- Opening Delimiter -

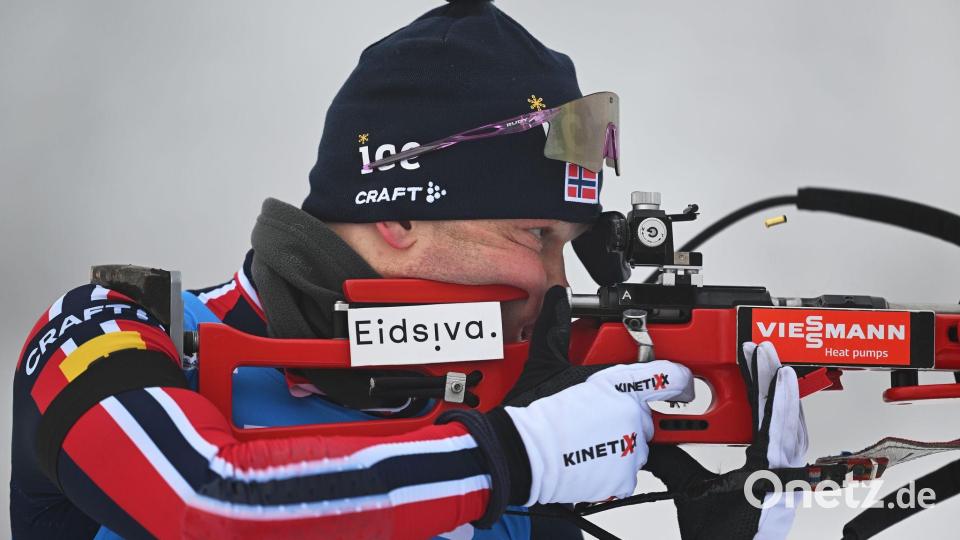 Johannes Dale-Skjevdal trägt wie alle norwegischen Biathleten Trainerflor. Bild: Hendrik Schmidt/dpa
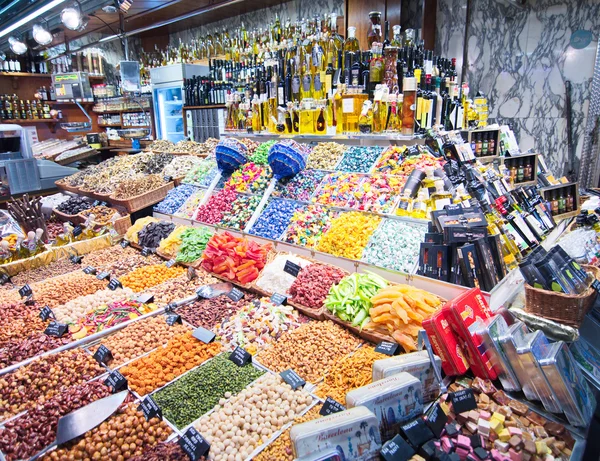 Renkli şeker ve Barcelona La Boqueria Market içecekler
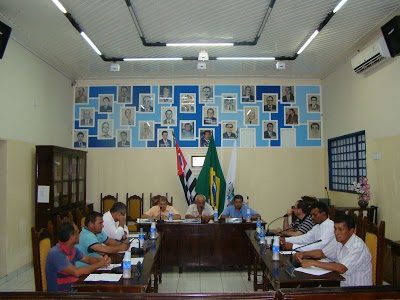 Vereador publica foto íntima e tem mandato ameaçado em Quintana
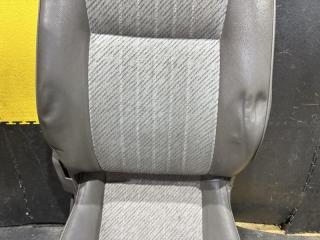 Сиденье переднее NISSAN CARAVAN KRMGE24 TD27 4 ракурс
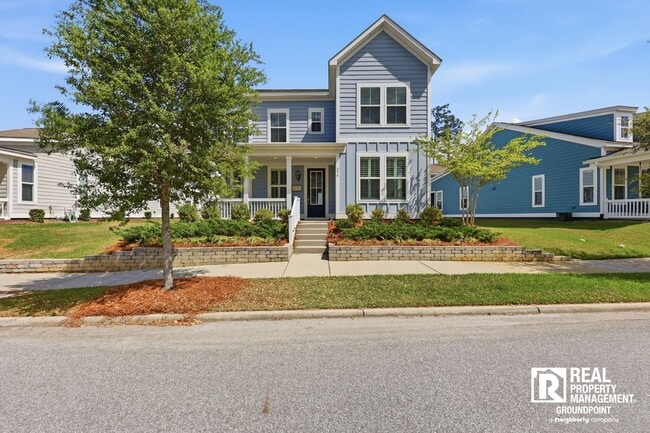 Building Photo - 236 Oak View Way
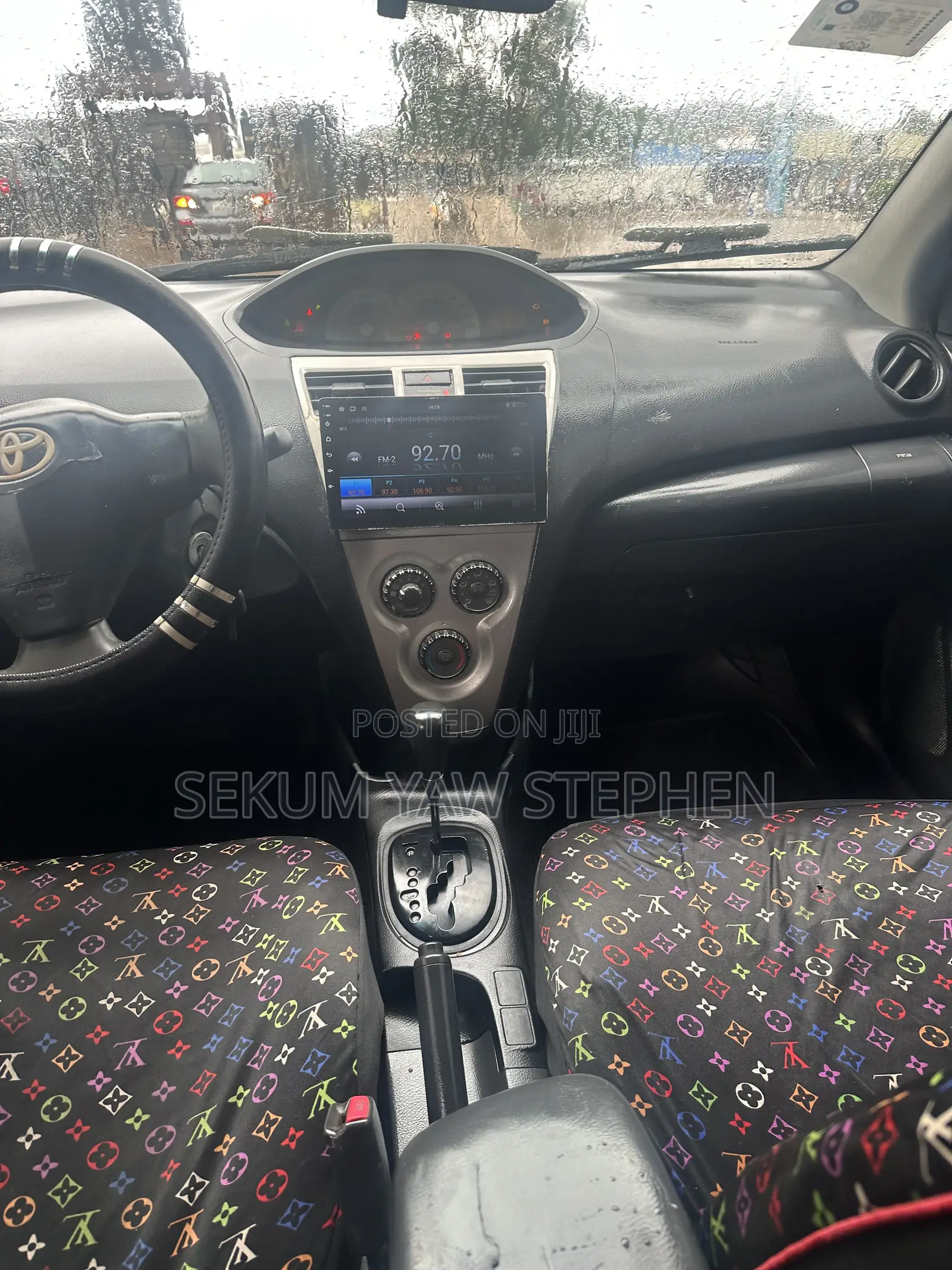 Toyota Yaris 2010 Black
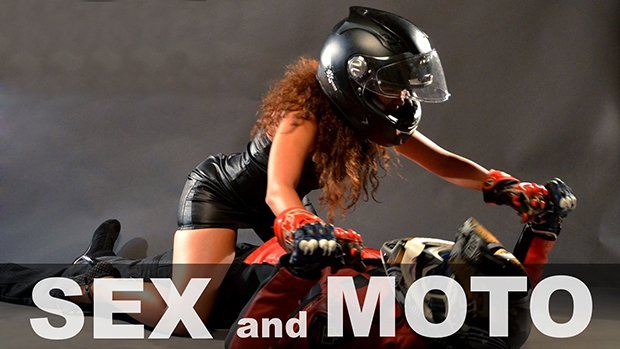 Sexo En Moto 55
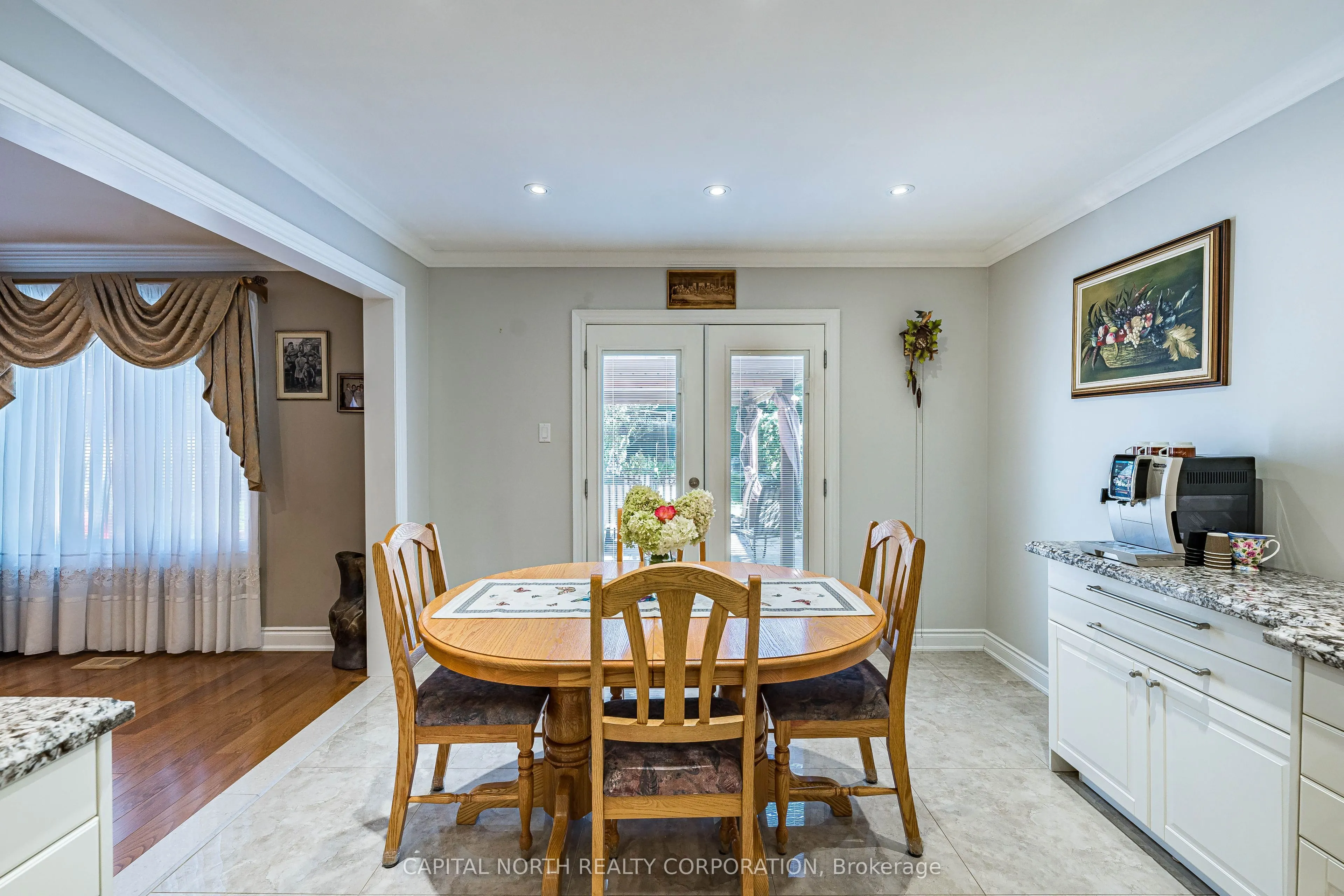 11 Pembrook Street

- Closing Delimiter -

• [WHAT TO DO]
Using the material above, set down every line exactly, but skip the pictures.

• [RESPONSE TO THIS EXERCISE]
 Johannes Dale-Skjevdal trägt wie alle norwegischen Biathleten Trainerflor. Bild: Hendrik Schmidt/dpa
 Renkli şeker ve Barcelona La Boqueria Market içecekler
 Vereador publica foto íntima e tem mandato ameaçado em Quintana
 Сиденье переднее NISSAN CARAVAN KRMGE24 TD27 4 ракурс
 Building Photo - 236 Oak View Way
 Toyota Yaris 2010 Black
 Sexo En Moto 55
 11 Pembrook Street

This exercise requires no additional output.